Chi riuscì a sopravvivere alla pestilenza, superata la grande paura, per reazione si abbandonò ai piaceri, predilesse la vita frivola.
Villana venne obbligata ad andare sposa di Rosso di Piero di Stefano Benintendi, fiorentino benestante, che la introdusse ad una vita dissipata nel fastoso e frivolo ambiente dei mercanti fiorentini. Dopo il matrimonio, perse ogni pudore e si lasciò trasportare nel turbinio della lussuria, tra feste e adulteri.
Desiderata da ogni uomo di Firenze, la giovane e bella Villana scivolò tra i vizi più peccaminosi. Una fonte dell’epoca la descrive così: “… la lussuria sfrenata di cui era capace, facendo per pochi fiorini cose che nemmeno la più accesa delle fantasie avrebbe potuto immaginare…”.

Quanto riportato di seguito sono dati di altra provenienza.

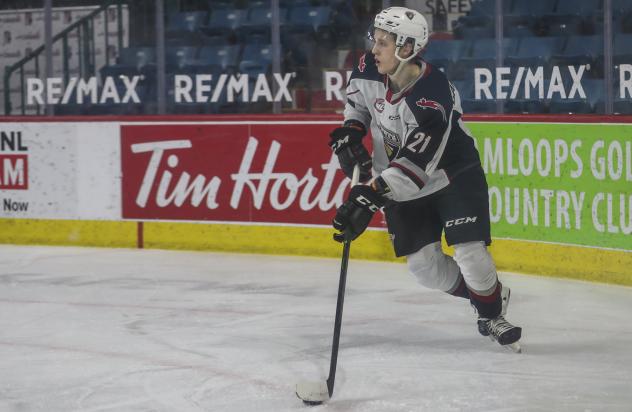 Vancouver Giants defenceman Nicco Camazzola vs. the Kamloops Blazers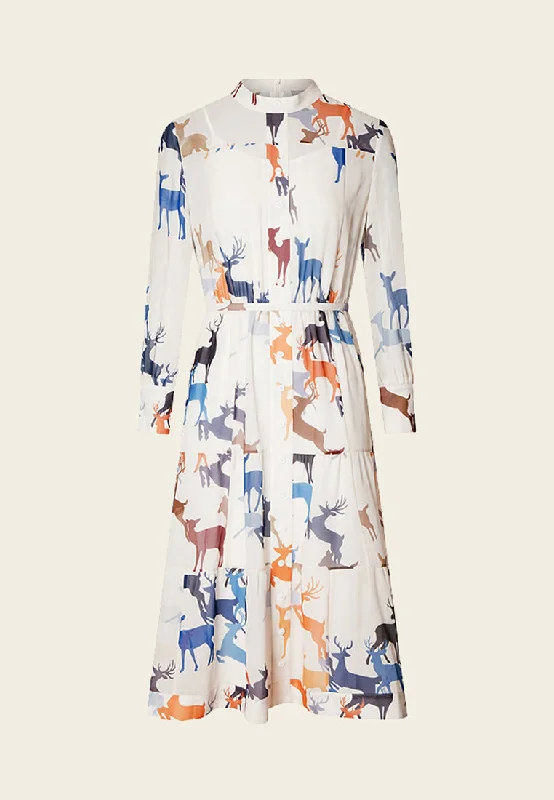 Deer Print Pussy-bow Collar Chiffon Dress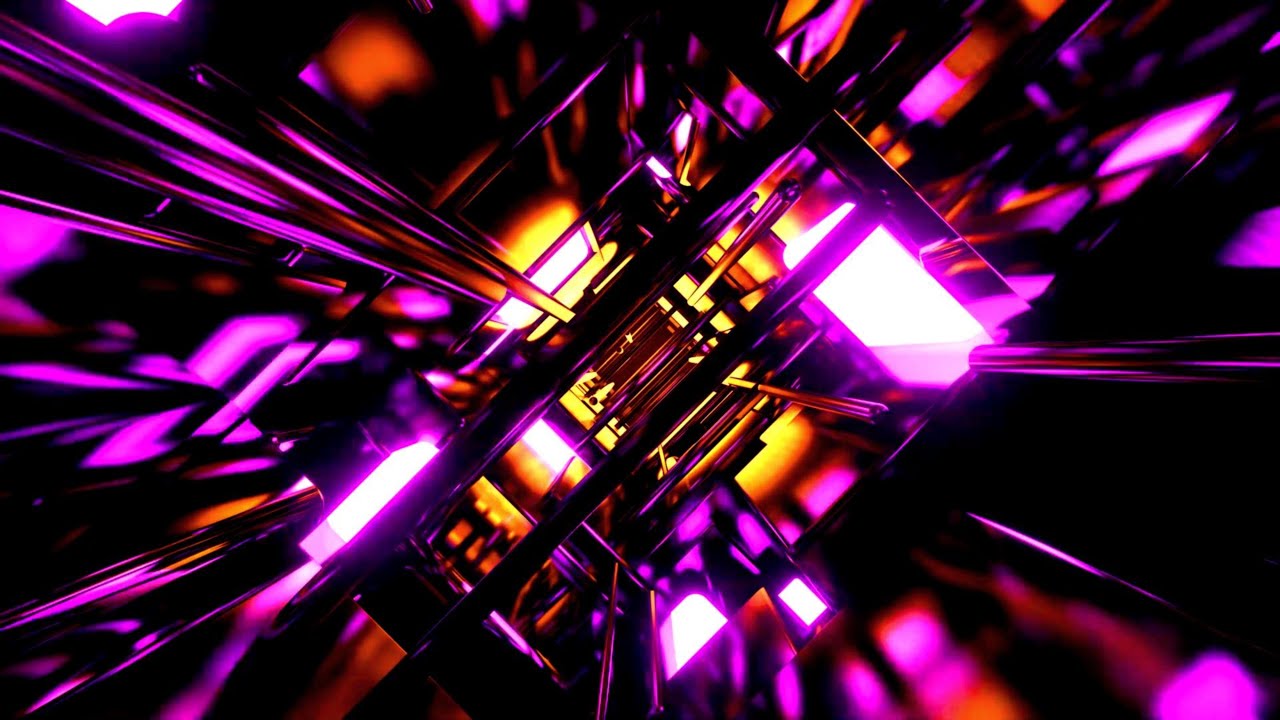 VisionKanal 4K – Футуристический Неоновый Коридор Фиолетового и Оранжевого Цвета  Без Звука [2 Часа]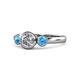 1 - Avrit Blue Topaz and Lab Grown Diamond Three Stone Engagement Ring 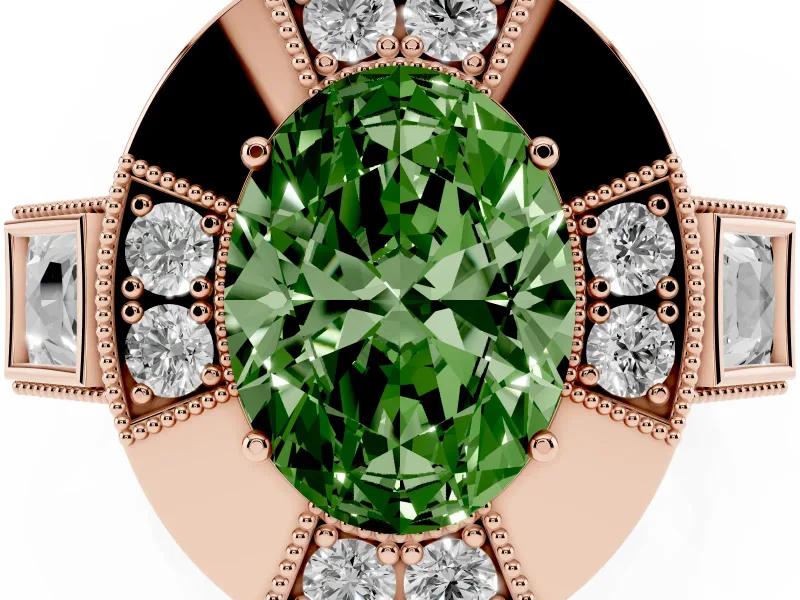 Fancy Green Oval Cut Diamond Milgrain Halo Ring Set in Rose gold with Split Shank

La sua vita era totalmente dedicata al divertimento che le procurava sempre più ricchezze, mentre la preghiera e la religione, che un tempo erano state per lei così importanti, erano completamente scomparse dalla sua esistenza.
Lo specchio era diventato il suo più grande amico, davanti ad esso trascorreva moltissimo tempo.
Una mattina però, mentre si truccava per l’ennesima festa mondana, guardandosi allo specchio non vide più il suo bel volto, davanti ai suoi occhi apparve un orribile mostro, lo specchio mostrava l’immagine del demonio. In preda alla disperazione, fece cadere a terra lo specchio e corse a guardarsi in tutti gli altri specchi della casa, ma in ogni specchio appariva sempre e comunque l’espressione compiaciuta del diavolo.
Villana capì che quello era un messaggio mandatole da Dio per riportarla sulla retta via, e pentita si recò nella chiesa di Santa Maria Novella, dove si confessò e si propose di vivere per espiare i propri peccati.
Dopo aver venduto tutti i suoi beni, si spogliò degli abiti eleganti, divenne terziaria domenicana, convertì il padre e convinse il marito a vivere una vita più sobria, rinunciò alla sua vita lussuriosa e, pur restando fedele ai suoi doveri coniugali, passava tutto il suo tempo libero in preghiera. Condusse una vita di straordinaria austerità, di preghiera e di assistenza ai bisognosi, particolarmente aiutò molte meretrici a redimersi. Provò anche a chiedere elemosine in strada per i poveri, ma questa attività venne giudicata scandalosa dai parenti, che gliela vietarono. Si ammalò gravemente di polmonite e sopportò penose prove e il 29 gennaio 1361, prima di morire, pur essendo agonizzante nel letto, volle indossare il bianco abito domenicano. Aveva soltanto 28 anni.
Dopo la morte venne portata nella Basilica di Santa Maria Novella e per un mese una folla di fedeli continuò ad avvicendarsi davanti al suo corpo esposto per darle l’estremo saluto, impedendo di fatto che venisse celebrato il rito funebre, tanto che la sepoltura le fu data soltanto trentasette giorni dopo la morte.
Venne beatificata da Leone XII il 27 marzo 1824.
La sua tomba, commissionata dal nipote, Sebastiano di Iacopo di Rosso Benintendi, fu scolpita da Bernardo Rossellino nel 1451 e si trova tuttora nella navata sinistra della chiesa.